HESML library is freely distributed for any non-commercial purpose under a CC By-NC-SA-4.0 license, subject to the citing of the two mains HESML papers [17] as attribution requirement. However, HESML distribution also includes other datasets, databases or data files whose use require the attribution acknowledgement by any user of HEMSL. Thus, we urge to the HESML users to fulfill with licensing terms related to other resources distributed with the library as detailed in its companion release notes.

QUAM–AFM is the largest dataset of simulated Atomic Force Microscopy (AFM) images generated from a selection of 685,513 molecules that span the most relevant bonding structures and chemical species in organic chemistry.

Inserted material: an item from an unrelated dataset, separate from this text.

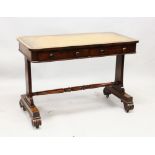 A REGENCY ROSEWOOD WRITING TABLE, the rounded rectangular top with leather inset writing surface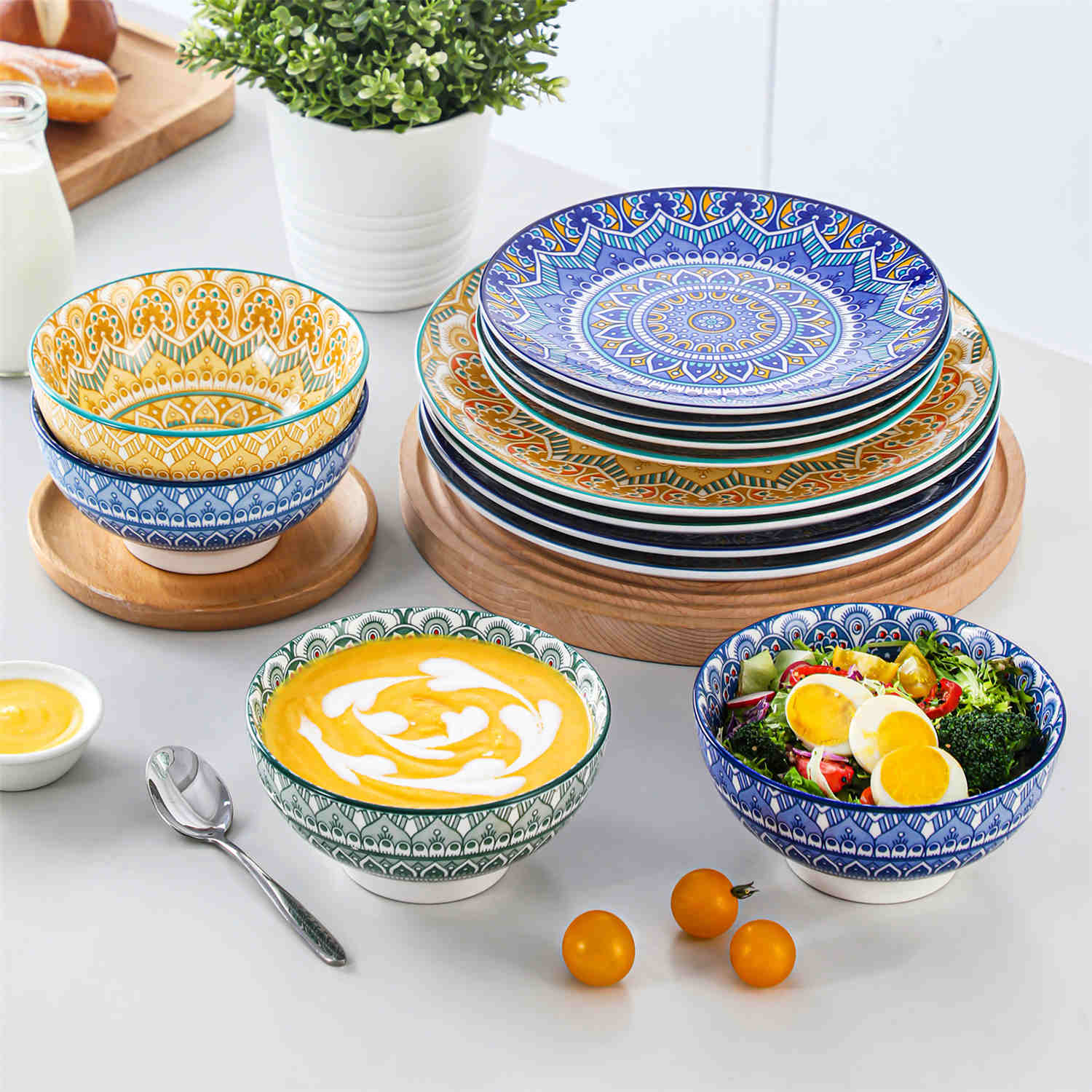 Boho Chic Multicolor Mandala 12 Piece Porcelain Dinnerware Set with Bowls and Plates-vancasso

QUAM-AFM contains, for each molecule, 24 3D image stacks, each consisting of constant-height images simulated for 10 tip-sample distances (in the relevant imaging range and spanning a variation of 1 Å (0.1 nanometers)) with one of the 24 different combination of AFM operational parameters, resulting in a total of 165 million images with a resolution of 256x256 pixels. The 3D stacks are especially appropriate to tackle the goal of chemical identification within AFM experiments by using deep learning techniques.

The operational parameters include six different values for the cantilever oscillation amplitude (0.40, 0.60, 0.80, 1.00, 1.20, 1.40 Å), 4 values of the elastic constant describing the tilting of the CO tip (0.40, 0.60, 0.80 and 1.00 N/m). The first parameter is freely chosen in the experiments in order to enhance different features of the image, while the last one reflects differences in the attachment of the CO molecule to the metal tip that are routinely observed and has been characterized in the experiments.

The data provided for each molecule includes, besides a set of AFM images, the ball–and–stick depiction, the IUPAC name, the chemical formula, the atomic coordinates, and the map of atom heights. In order to simplify the use of the collection as a source of information, we have developed a Graphical User Interface (GUI) that allows the search for structures by CID number, IUPAC name or chemical formula.

This dataset arises as a product of the research carried out in collaboration between Quasar Science Resources S.L. (https://quasarsr.com) and the Scanning Probe Microscopy Theory & Nanomechanics Research Group (SPMTH) (http://www.uam.es/spmth) at the Universidad Autónoma de Madrid (UAM), funded by the Comunidad de Madrid under the Industrial Doctorate Programme 2017 (project reference IND2017/IND-7793).

The main goal of this dataset is to support the development of deep learning methods for molecular identification through AFM imaging. Once this project has concluded, this dataset is made freely accessible in order to facilitate and to promote research in a range of fields including Atomic Force Microscopy, on-surface synthesis and deep learning applications.